### Task inputs
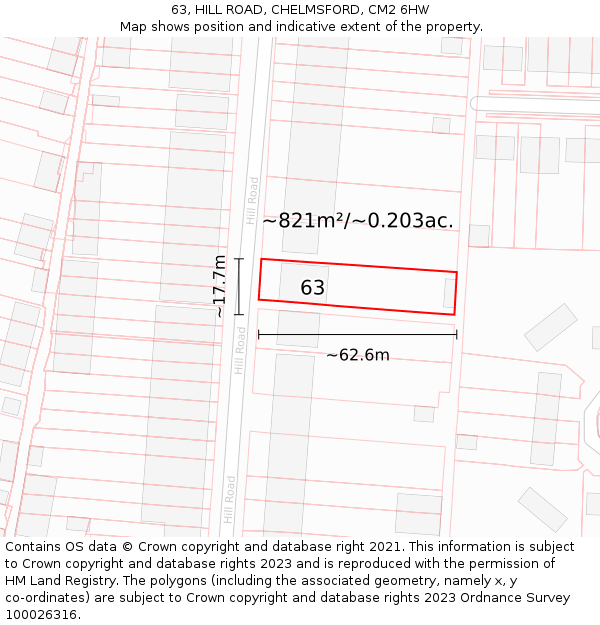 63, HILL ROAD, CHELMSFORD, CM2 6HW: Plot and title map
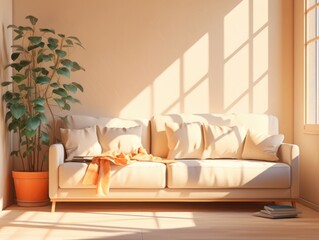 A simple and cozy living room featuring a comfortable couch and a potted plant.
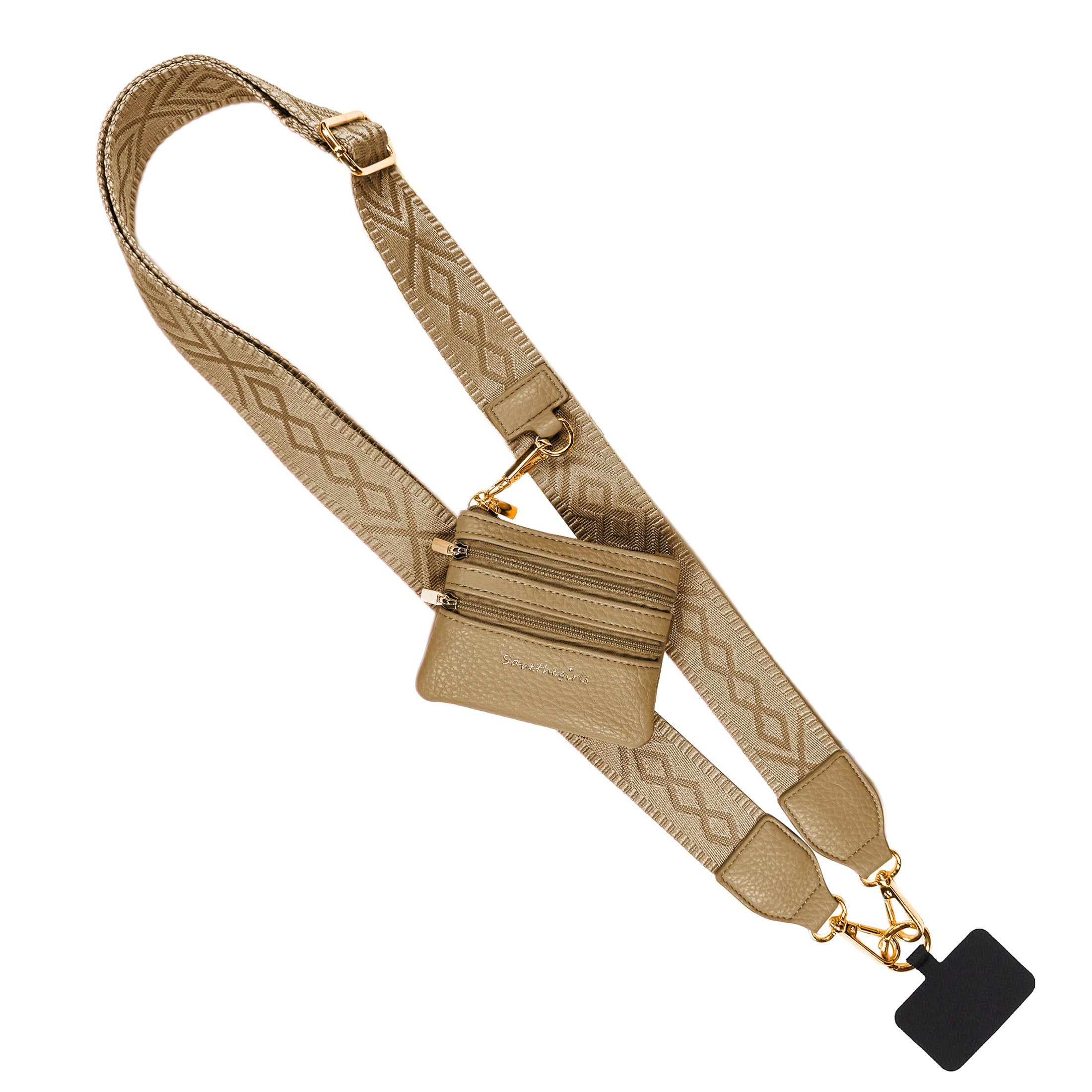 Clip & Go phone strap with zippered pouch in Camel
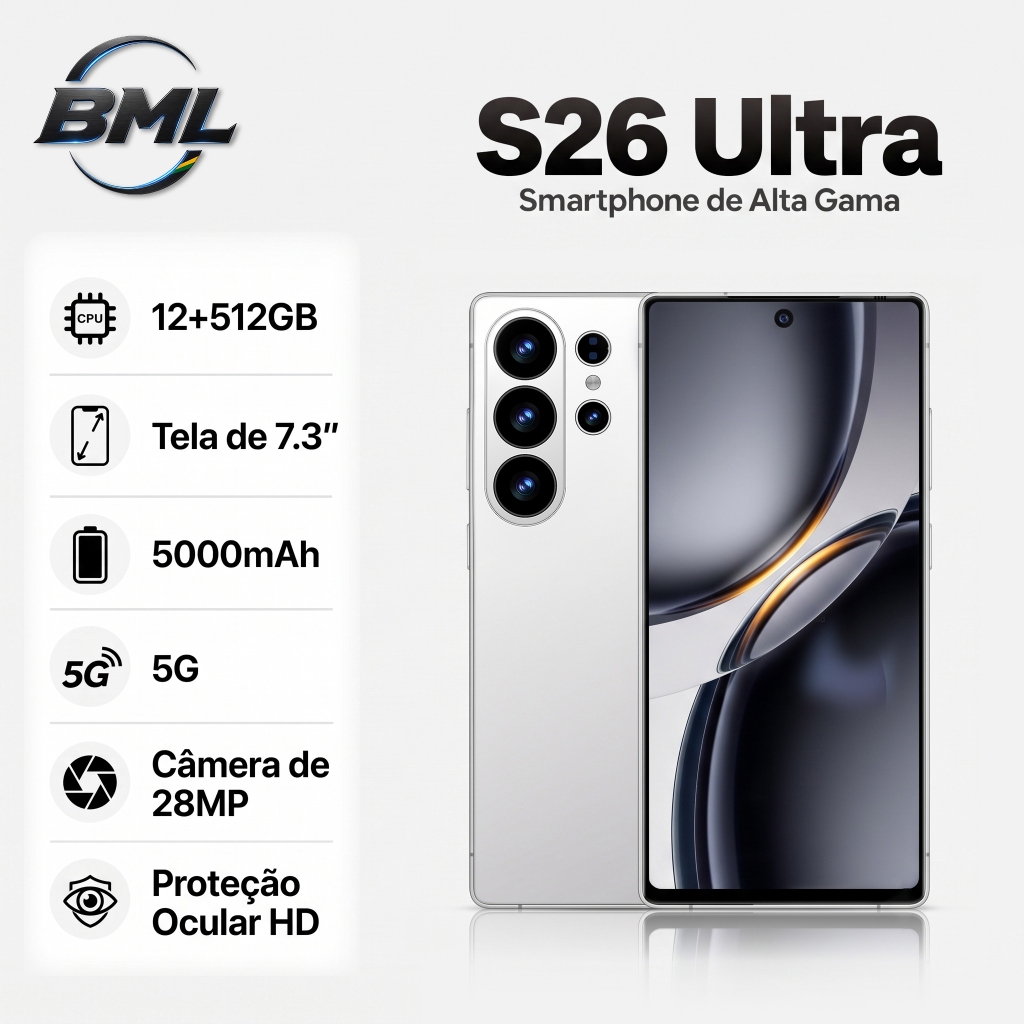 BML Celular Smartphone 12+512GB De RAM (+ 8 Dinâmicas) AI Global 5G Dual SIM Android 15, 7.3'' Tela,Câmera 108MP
######
### Task inputs
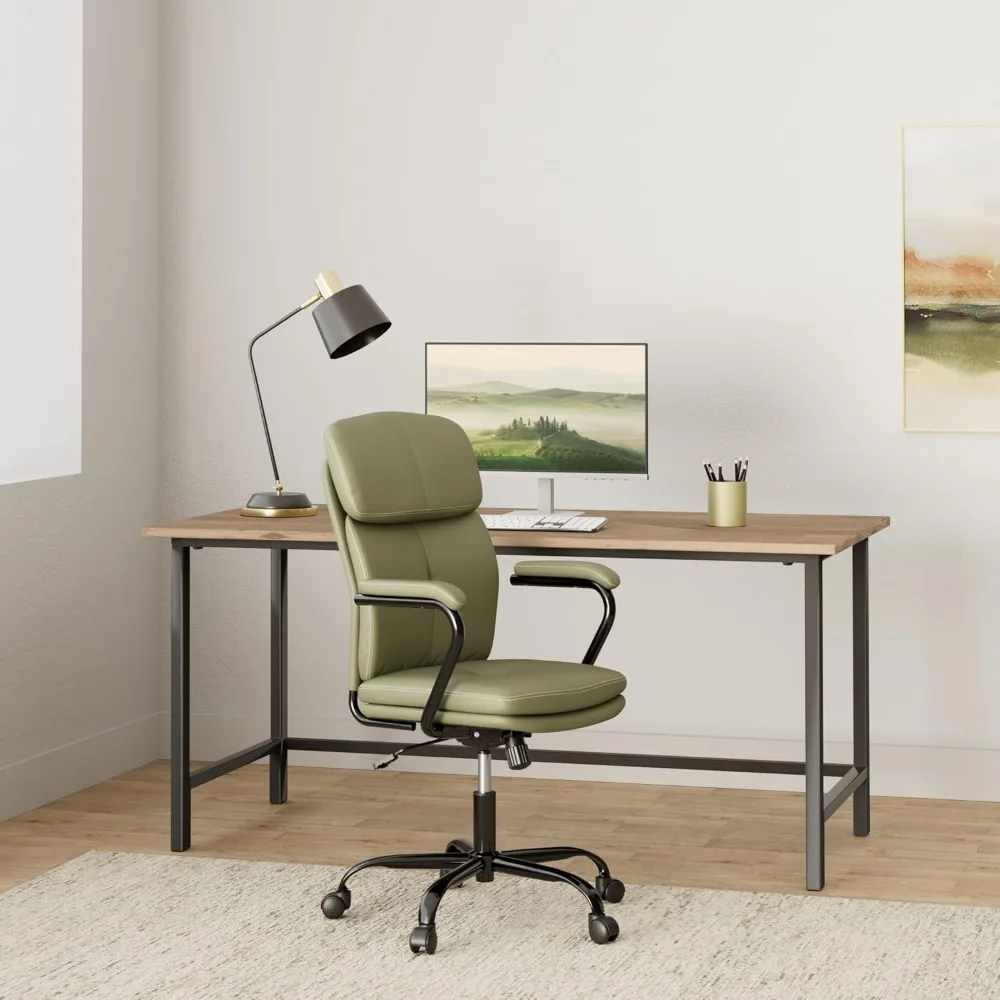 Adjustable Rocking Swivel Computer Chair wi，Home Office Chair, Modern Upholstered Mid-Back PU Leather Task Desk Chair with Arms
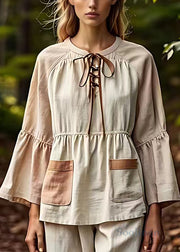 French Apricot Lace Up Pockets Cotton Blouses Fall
######
### Task inputs
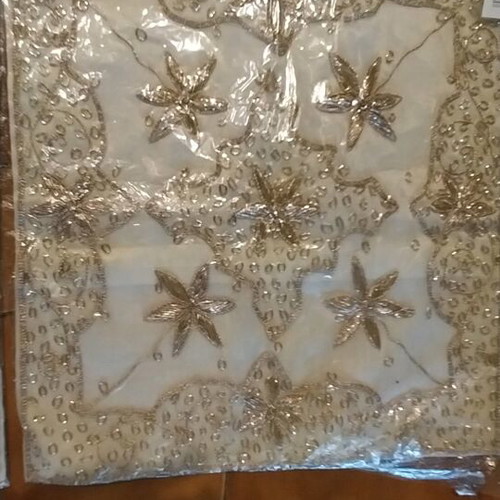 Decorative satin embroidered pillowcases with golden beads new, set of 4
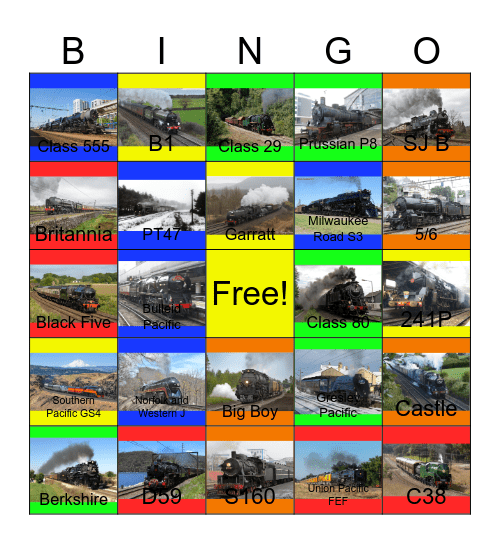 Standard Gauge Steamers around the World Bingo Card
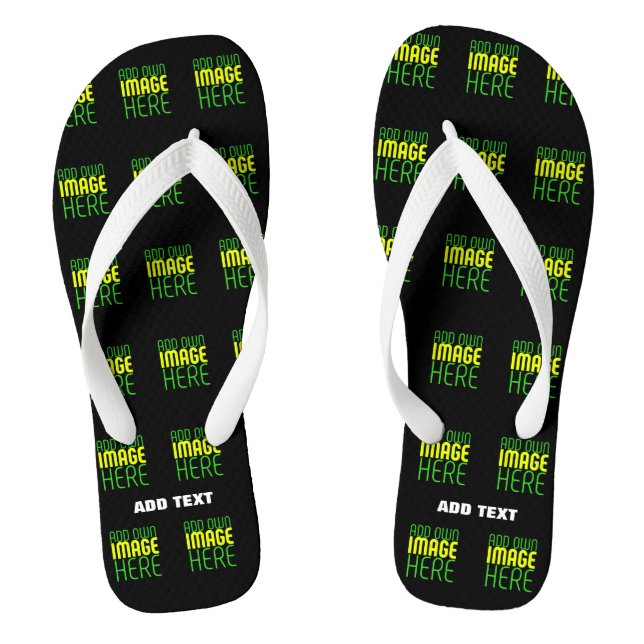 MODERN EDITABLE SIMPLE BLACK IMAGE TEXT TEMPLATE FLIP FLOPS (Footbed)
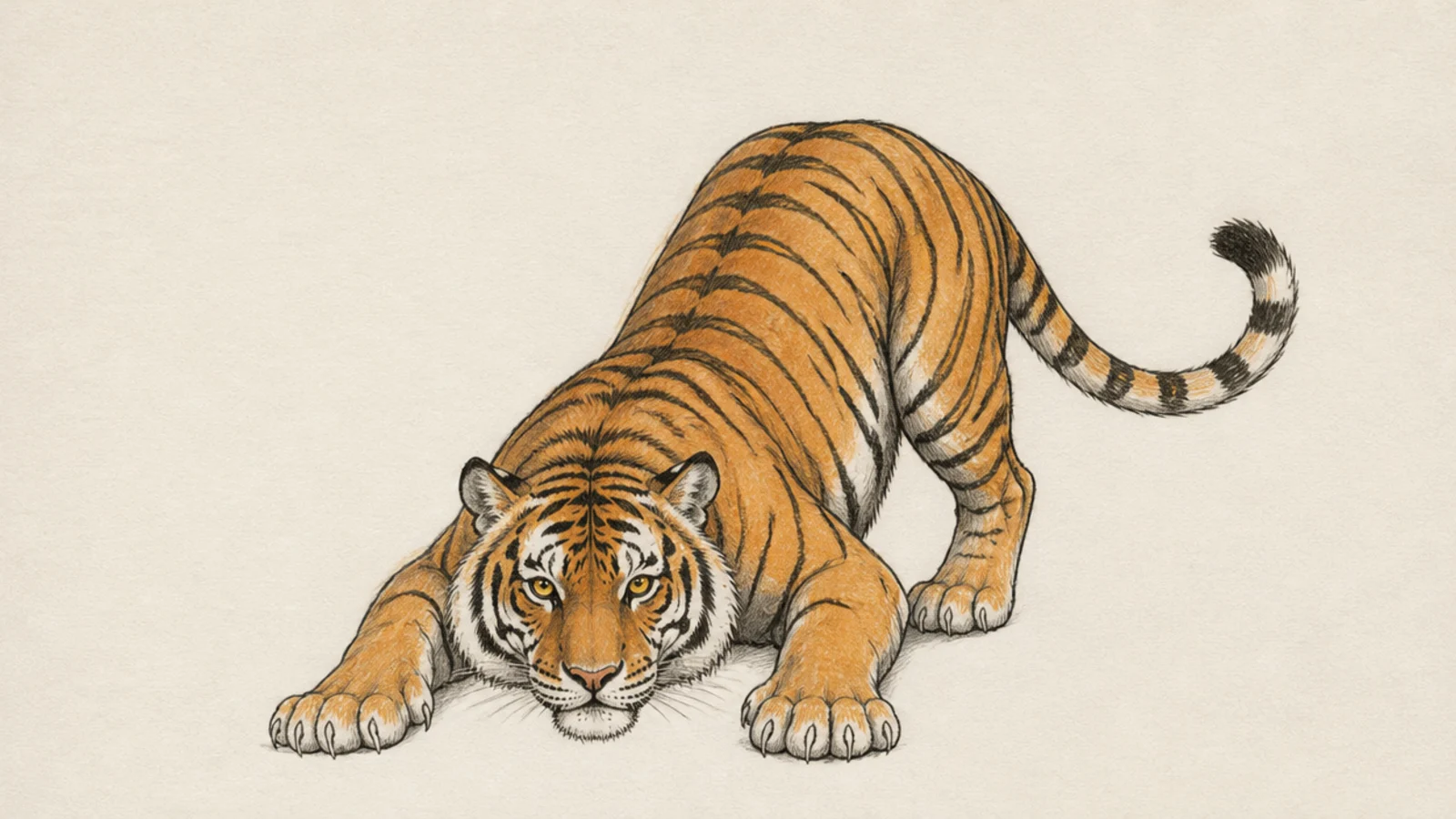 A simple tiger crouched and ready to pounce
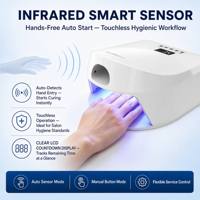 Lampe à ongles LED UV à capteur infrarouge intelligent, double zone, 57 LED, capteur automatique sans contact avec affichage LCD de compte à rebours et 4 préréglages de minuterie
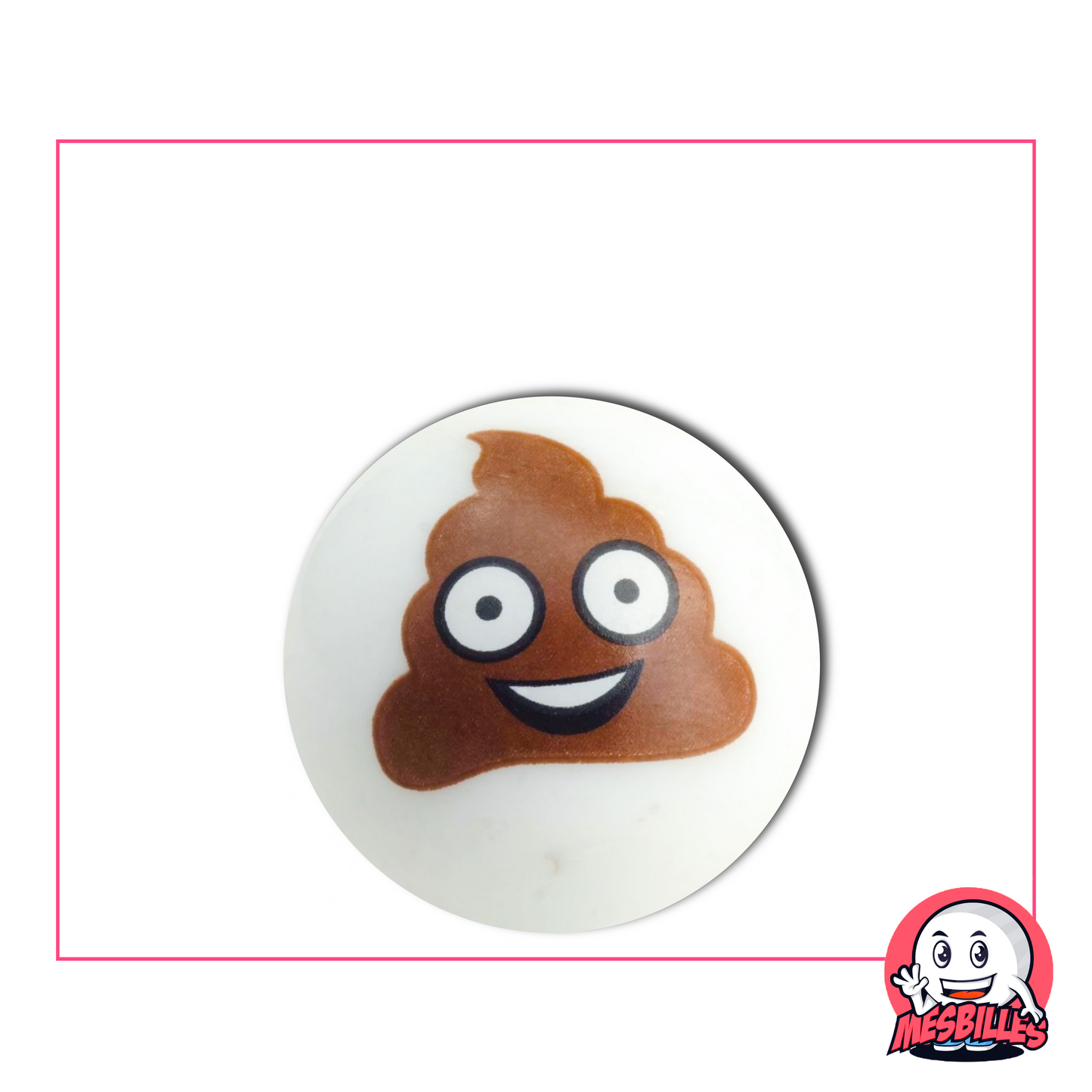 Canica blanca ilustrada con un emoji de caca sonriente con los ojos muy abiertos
######
Look through the material above. Transcribe exactly the lines between the ones with "63, HILL ROAD, CHELMSFORD, CM2" and "BML Celular Smartphone", inclusive, and keep pictures out.

Output:
 63, HILL ROAD, CHELMSFORD, CM2 6HW: Plot and title map
 A simple and cozy living room featuring a comfortable couch and a potted plant.
 Clip & Go phone strap with zippered pouch in Camel
 BML Celular Smartphone 12+512GB De RAM (+ 8 Dinâmicas) AI Global 5G Dual SIM Android 15, 7.3'' Tela,Câmera 108MP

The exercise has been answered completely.